Data provided:
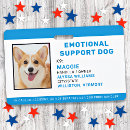 Buscar emocional Animal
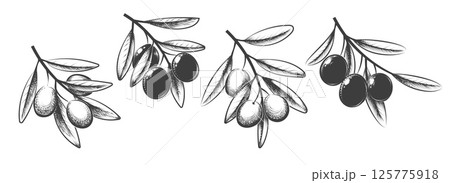 Engraving olive branches 125775918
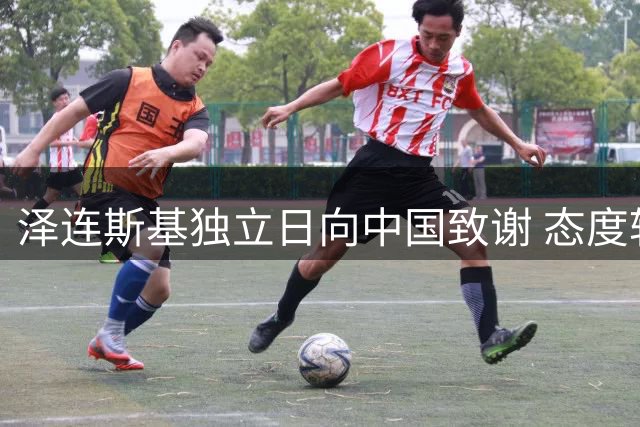 泽连斯基独立日向中国致谢 态度转变引关注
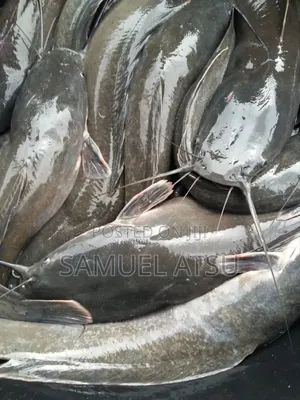Smoking Size Catfish for Sale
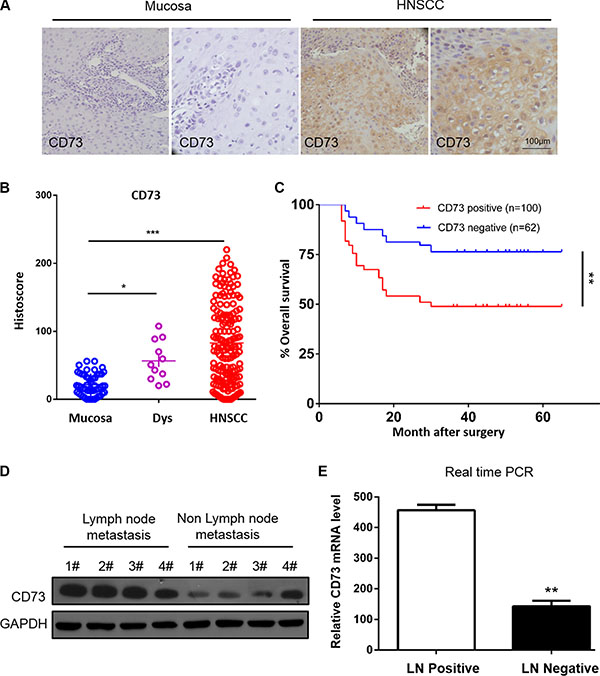 CD73 expression is upregulated and associated with poor prognosis in Head and Neck Squamous Cell Carcinoma (HNSCC).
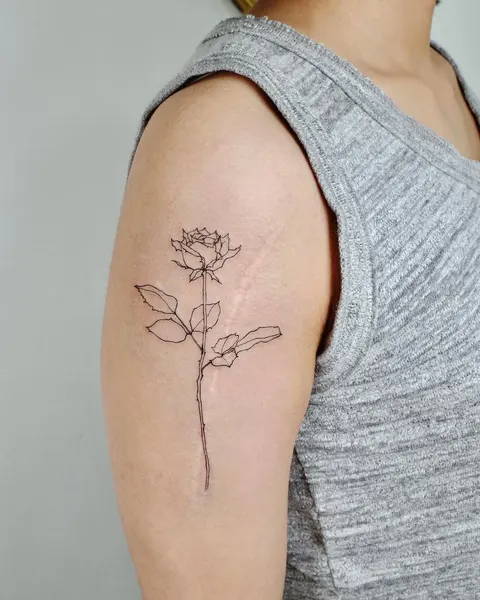 Flower, Rose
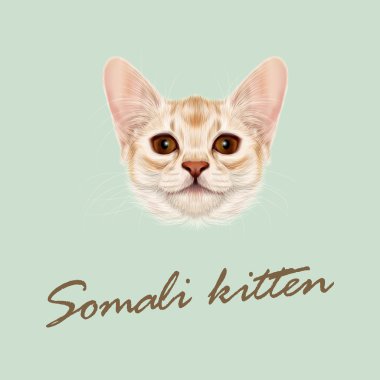 Somali kedi yavrusu vektör Illustrated portresi.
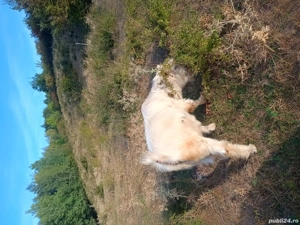 Vand urgent  capre - imagine 5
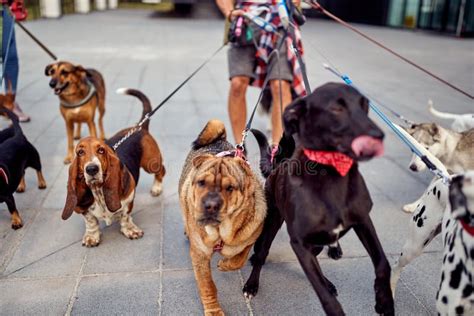 A Bunch Of Happy Dogs On The Leash On The Walk Pets Walkers Service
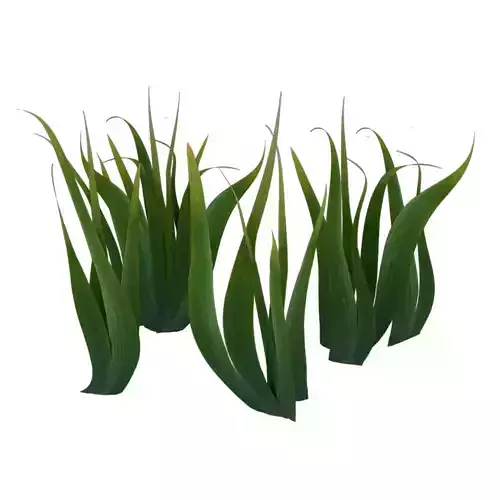 low poly big grass Low-poly 3D model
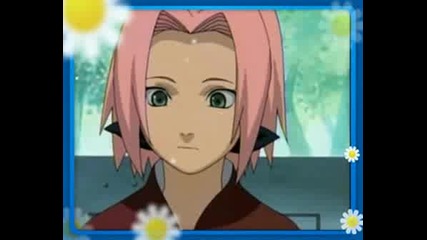 Pretty Sakura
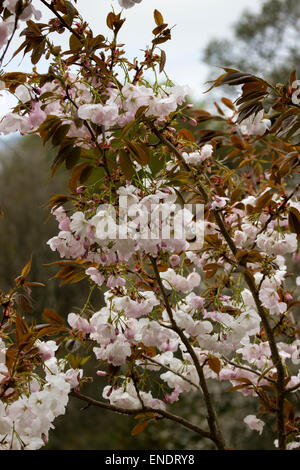 Frühlingsblumen der ornamentalen japanische Kirsche, Prunus "Matsumae-Fuki" Stockfoto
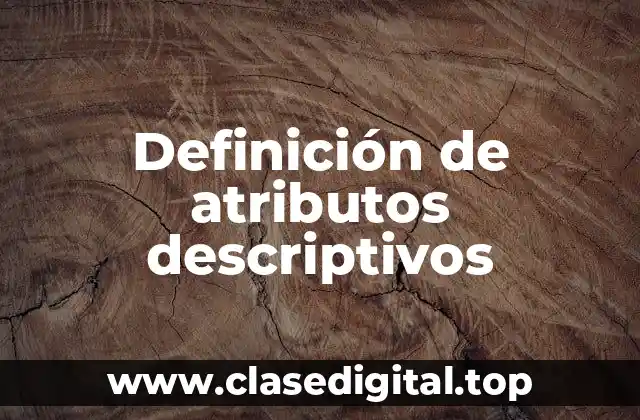 Definición de atributos descriptivos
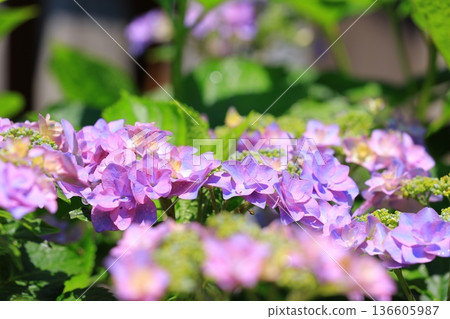 繡球花盛開在雨季的清除 繡球花盛開在雨季的清除 136605987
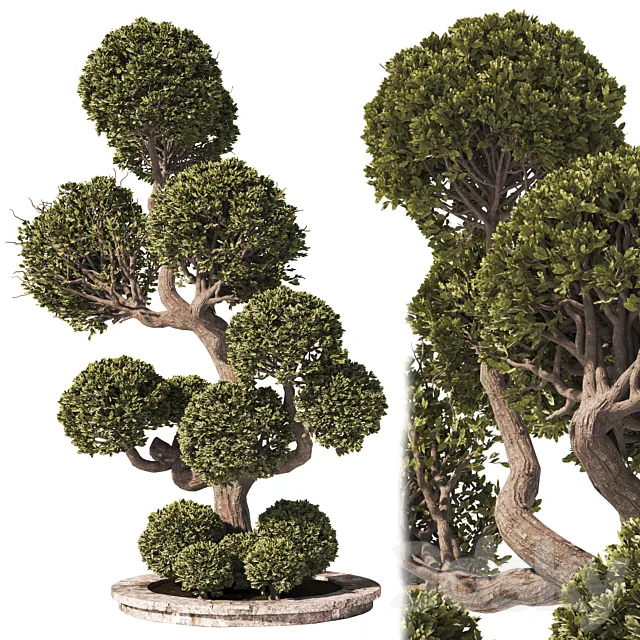 Garden Tree And Bush 01 3D Model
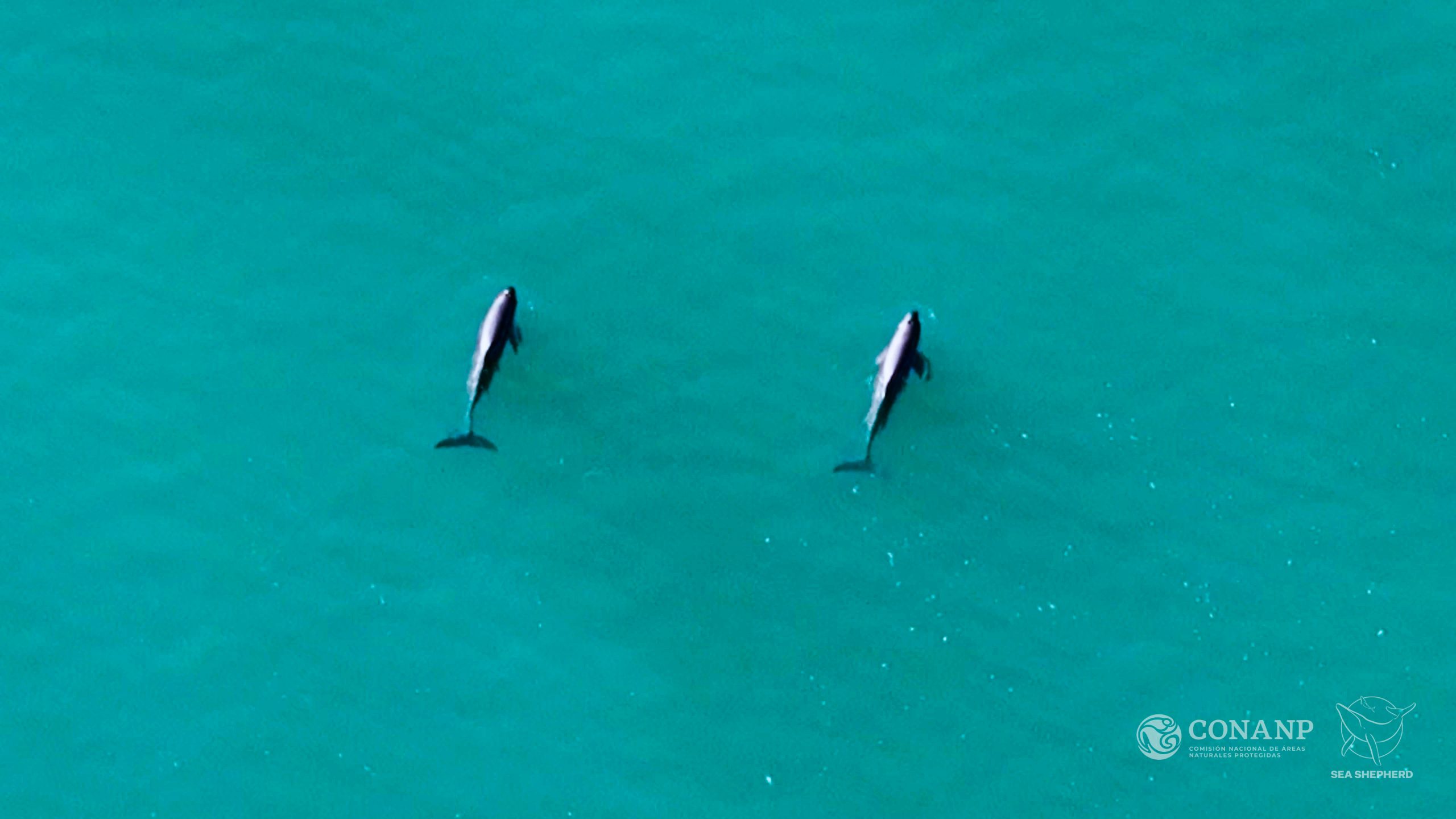Confirman nuevas crías de la vaquita marina, uno de los mamíferos en mayor peligro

What is needed: Once the line containing "Garden Tree And Bush 01 3D Model" is found, it and every line through the end of the records above should be output exactly, with no pictures.

Answer to this exercise:
 Garden Tree And Bush 01 3D Model
Confirman nuevas crías de la vaquita marina, uno de los mamíferos en mayor peligro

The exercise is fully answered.